The next attempt to create a Mother’s Day occurred in 1906, a century later, in the little village of Artas in the department of Isère and at the instigation of a man named Prosper Roche who founded the Union Fraternelle in order to pay tribute to the parents of large families.
Artas has since been recognised as the cradle of the French Mother’s Day celebration.
The city of Lyon followed the example and organised a Mother’s Day in 1918 to pay tribute to all the women who lost a son or/and a husband during World War I, a conflict during which the loss in human lives was astronomical.
A couple of years later a Mother’s Day celebrating the women of large families was implemented in order to encourage women to have children and repopulate a country that had lost 10% of its active male population!

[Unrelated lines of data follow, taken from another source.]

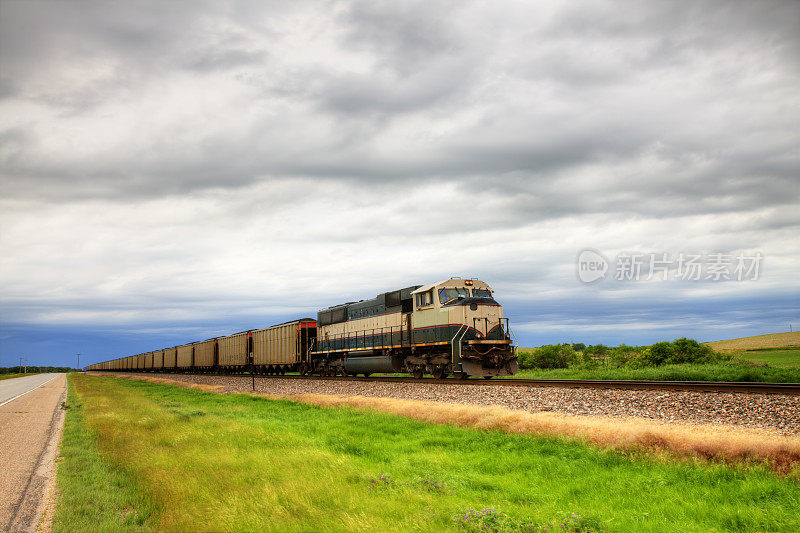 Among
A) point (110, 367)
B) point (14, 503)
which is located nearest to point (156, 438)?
point (14, 503)

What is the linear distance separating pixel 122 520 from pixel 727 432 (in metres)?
10.2

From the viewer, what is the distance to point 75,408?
22.2m

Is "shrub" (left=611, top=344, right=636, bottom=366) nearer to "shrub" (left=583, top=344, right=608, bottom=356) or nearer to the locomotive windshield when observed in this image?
"shrub" (left=583, top=344, right=608, bottom=356)

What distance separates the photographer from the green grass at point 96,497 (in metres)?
6.44

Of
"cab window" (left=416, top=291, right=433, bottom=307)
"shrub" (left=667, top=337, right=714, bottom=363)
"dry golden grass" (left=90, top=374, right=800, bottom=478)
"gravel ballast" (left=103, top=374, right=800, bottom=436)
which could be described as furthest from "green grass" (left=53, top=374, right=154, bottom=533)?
"shrub" (left=667, top=337, right=714, bottom=363)

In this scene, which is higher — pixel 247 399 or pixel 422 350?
pixel 422 350

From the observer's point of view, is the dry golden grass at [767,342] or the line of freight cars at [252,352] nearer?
the line of freight cars at [252,352]

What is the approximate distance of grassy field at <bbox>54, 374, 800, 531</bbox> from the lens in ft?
20.7

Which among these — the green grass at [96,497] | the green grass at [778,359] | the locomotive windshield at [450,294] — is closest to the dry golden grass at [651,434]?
the green grass at [96,497]

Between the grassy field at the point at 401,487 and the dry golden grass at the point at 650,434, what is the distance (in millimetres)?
437

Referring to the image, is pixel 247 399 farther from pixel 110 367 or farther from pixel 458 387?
pixel 110 367

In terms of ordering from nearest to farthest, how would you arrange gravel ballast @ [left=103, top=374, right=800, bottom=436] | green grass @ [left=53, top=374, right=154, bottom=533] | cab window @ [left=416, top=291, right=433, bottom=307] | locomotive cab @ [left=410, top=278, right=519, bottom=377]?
green grass @ [left=53, top=374, right=154, bottom=533] → gravel ballast @ [left=103, top=374, right=800, bottom=436] → locomotive cab @ [left=410, top=278, right=519, bottom=377] → cab window @ [left=416, top=291, right=433, bottom=307]

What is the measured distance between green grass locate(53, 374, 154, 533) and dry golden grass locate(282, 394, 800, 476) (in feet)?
25.1

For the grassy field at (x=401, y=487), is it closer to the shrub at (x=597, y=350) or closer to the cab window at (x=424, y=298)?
the cab window at (x=424, y=298)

The celebrations included the award of a medal “Médailles de la Famille Française” to those who had many children.
However, it was not before 1929 that the Fête des Mèresbecame an official celebration.

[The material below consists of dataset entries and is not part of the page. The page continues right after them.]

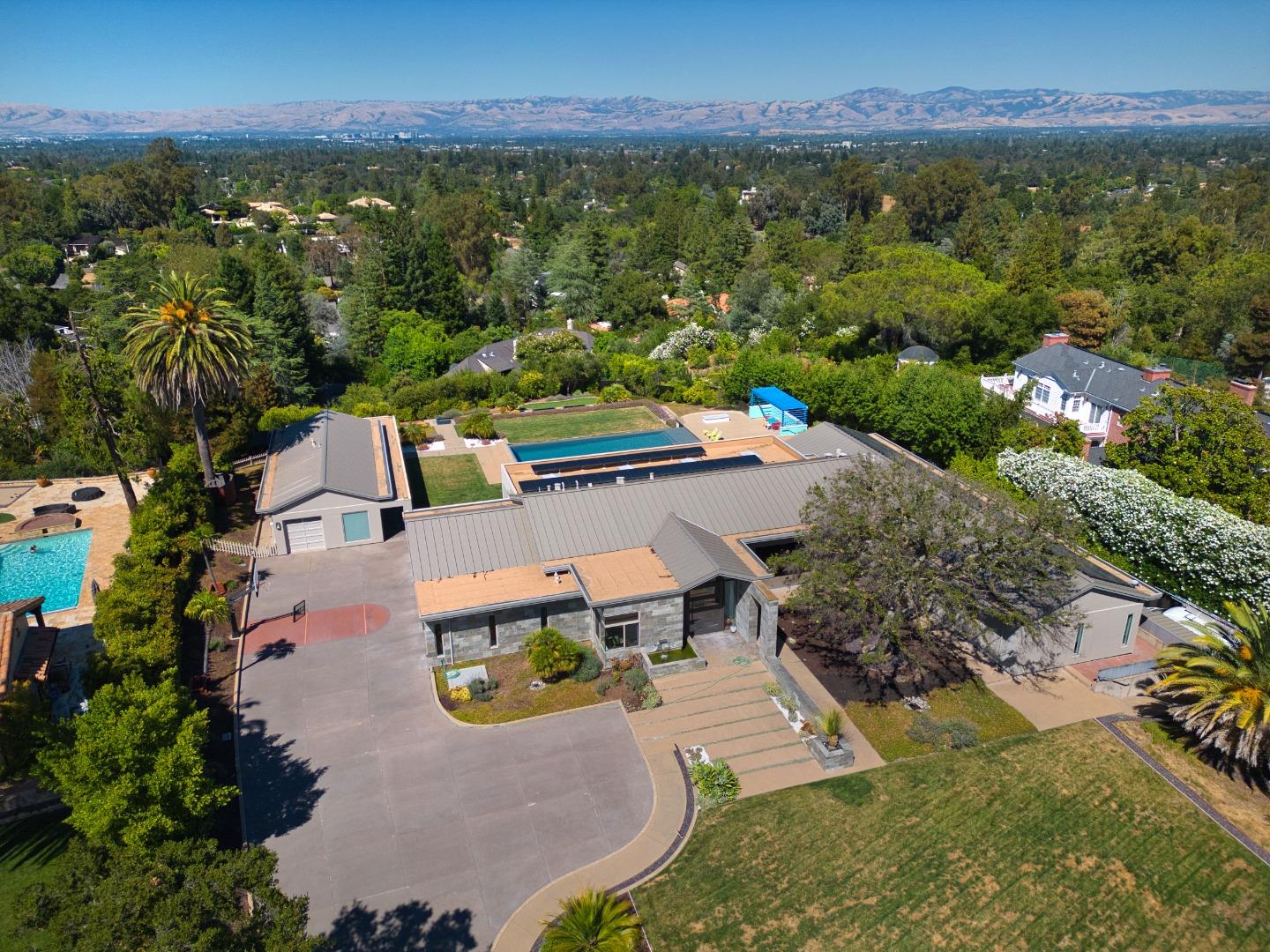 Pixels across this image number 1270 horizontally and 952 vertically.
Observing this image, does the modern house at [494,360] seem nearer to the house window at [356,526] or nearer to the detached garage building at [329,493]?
the detached garage building at [329,493]

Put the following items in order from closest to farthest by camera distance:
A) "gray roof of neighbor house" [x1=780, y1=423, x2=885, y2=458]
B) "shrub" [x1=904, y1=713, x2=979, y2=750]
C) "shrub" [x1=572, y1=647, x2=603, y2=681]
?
"shrub" [x1=904, y1=713, x2=979, y2=750] → "shrub" [x1=572, y1=647, x2=603, y2=681] → "gray roof of neighbor house" [x1=780, y1=423, x2=885, y2=458]

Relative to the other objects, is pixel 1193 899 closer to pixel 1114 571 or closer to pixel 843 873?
pixel 843 873

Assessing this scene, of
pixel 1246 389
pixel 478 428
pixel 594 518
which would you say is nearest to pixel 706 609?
pixel 594 518

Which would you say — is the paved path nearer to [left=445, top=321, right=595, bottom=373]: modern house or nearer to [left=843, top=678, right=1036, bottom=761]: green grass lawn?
[left=843, top=678, right=1036, bottom=761]: green grass lawn

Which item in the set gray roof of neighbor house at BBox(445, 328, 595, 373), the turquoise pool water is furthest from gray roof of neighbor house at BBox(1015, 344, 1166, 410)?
the turquoise pool water

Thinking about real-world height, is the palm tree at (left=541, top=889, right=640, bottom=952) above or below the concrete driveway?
above

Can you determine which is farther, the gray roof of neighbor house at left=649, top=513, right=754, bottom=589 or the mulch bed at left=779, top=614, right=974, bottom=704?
the gray roof of neighbor house at left=649, top=513, right=754, bottom=589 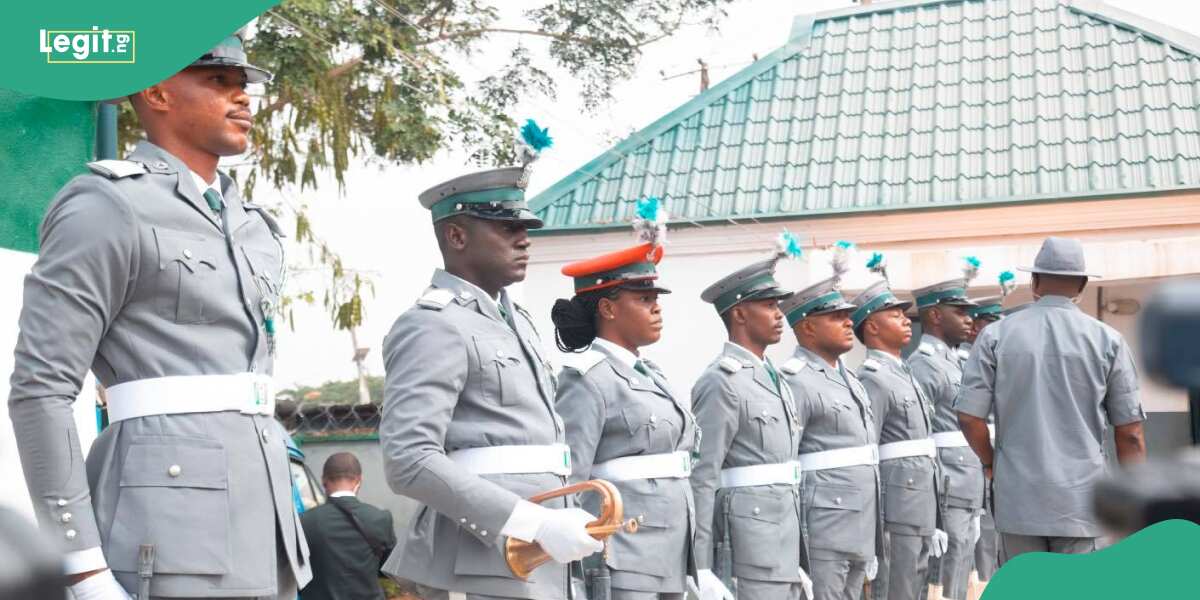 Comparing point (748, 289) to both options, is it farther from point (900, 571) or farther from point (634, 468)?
point (900, 571)

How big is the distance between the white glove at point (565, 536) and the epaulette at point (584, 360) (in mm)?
1689

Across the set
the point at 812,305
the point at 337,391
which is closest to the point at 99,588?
the point at 812,305

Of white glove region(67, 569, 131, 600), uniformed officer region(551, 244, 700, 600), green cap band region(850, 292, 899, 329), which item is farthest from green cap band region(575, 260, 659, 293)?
green cap band region(850, 292, 899, 329)

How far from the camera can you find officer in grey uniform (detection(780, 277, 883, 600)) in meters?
6.99

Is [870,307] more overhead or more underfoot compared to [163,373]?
more overhead

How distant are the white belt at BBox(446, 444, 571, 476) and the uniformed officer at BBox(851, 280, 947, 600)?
4.54 meters

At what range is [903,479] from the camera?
321 inches

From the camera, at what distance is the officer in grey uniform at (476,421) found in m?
3.57

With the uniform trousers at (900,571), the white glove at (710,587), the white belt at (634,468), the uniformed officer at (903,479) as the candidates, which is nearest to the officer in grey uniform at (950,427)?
the uniformed officer at (903,479)

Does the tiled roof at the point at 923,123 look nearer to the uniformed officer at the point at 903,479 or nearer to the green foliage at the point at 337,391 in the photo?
the uniformed officer at the point at 903,479

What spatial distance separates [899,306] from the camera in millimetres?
9016

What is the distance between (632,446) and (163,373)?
2471mm

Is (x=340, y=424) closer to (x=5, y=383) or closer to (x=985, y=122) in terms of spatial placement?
(x=985, y=122)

It didn’t become part of our calendar until 1941, though, when Marshal Pétain re-launched the celebration during World War II, once more in order to encourage the repopulation of the country!
The notion of family and housewife were to become the base of the French society for the years to follow.

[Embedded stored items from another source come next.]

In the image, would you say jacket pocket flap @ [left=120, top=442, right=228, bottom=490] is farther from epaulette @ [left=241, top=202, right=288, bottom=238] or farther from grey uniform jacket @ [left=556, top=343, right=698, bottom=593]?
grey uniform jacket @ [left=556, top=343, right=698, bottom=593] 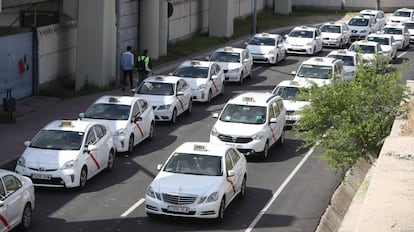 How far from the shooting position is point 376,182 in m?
13.1

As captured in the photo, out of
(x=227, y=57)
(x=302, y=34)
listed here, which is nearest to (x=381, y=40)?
(x=302, y=34)

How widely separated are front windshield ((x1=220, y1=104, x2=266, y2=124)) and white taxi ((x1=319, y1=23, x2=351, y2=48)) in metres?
26.8

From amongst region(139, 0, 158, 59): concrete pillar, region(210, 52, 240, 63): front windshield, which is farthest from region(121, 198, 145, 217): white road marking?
region(139, 0, 158, 59): concrete pillar

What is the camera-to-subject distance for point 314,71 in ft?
123

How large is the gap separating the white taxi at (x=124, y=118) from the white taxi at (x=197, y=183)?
498 centimetres

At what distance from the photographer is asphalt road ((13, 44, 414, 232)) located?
67.2 feet

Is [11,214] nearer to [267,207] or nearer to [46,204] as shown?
[46,204]

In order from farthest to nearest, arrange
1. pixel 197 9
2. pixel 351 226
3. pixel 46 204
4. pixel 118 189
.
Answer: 1. pixel 197 9
2. pixel 118 189
3. pixel 46 204
4. pixel 351 226

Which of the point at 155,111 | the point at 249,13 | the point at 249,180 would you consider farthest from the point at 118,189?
the point at 249,13

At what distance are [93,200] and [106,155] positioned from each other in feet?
8.71

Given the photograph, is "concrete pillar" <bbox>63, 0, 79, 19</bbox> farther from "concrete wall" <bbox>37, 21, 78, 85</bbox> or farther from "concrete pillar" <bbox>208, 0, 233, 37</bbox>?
"concrete pillar" <bbox>208, 0, 233, 37</bbox>

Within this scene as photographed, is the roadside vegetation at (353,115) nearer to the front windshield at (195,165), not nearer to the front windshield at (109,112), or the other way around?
the front windshield at (195,165)

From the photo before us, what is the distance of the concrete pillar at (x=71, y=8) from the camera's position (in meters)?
38.7

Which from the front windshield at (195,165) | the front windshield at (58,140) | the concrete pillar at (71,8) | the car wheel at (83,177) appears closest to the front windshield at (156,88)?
the concrete pillar at (71,8) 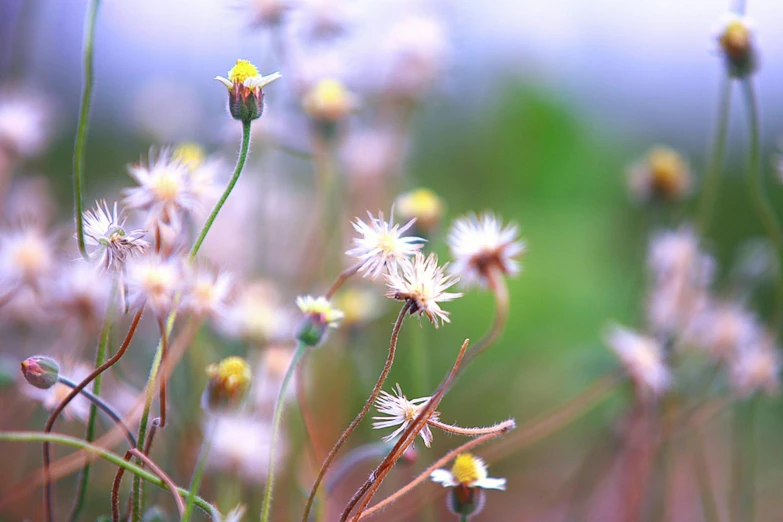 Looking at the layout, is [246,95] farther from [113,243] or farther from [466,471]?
[466,471]

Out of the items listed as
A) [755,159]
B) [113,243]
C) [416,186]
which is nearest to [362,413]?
[113,243]

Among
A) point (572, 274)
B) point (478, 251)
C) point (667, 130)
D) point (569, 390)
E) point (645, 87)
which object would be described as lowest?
point (478, 251)

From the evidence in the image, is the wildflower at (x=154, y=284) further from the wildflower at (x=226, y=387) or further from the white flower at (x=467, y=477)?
the white flower at (x=467, y=477)

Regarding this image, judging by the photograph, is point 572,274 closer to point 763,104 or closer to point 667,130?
point 667,130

The celebration was very controversial at the time, not only because it had been implemented by the Regime of Vichy, but also because many thought that it was a sexist concept that denied emancipation to women, in other words that recognised them only good enough to have children, cook and clean.
Men seemed to forget that women had been working in factories to replace the men who were fighting at the front, they had contributed to the war effort, they had proven that they were equal to men and now they were asked to return to their cooking!
The stigma remained for a few years only as women’s suffrage was granted by General De Gaulle at the end of the war (better late than never!) and they painfully but successfully gained their emancipation!
On May 24, 1950 Mother’s Day was officially decreed by law and fixed to the last Sunday of May and has become one of the most popular French celebrations.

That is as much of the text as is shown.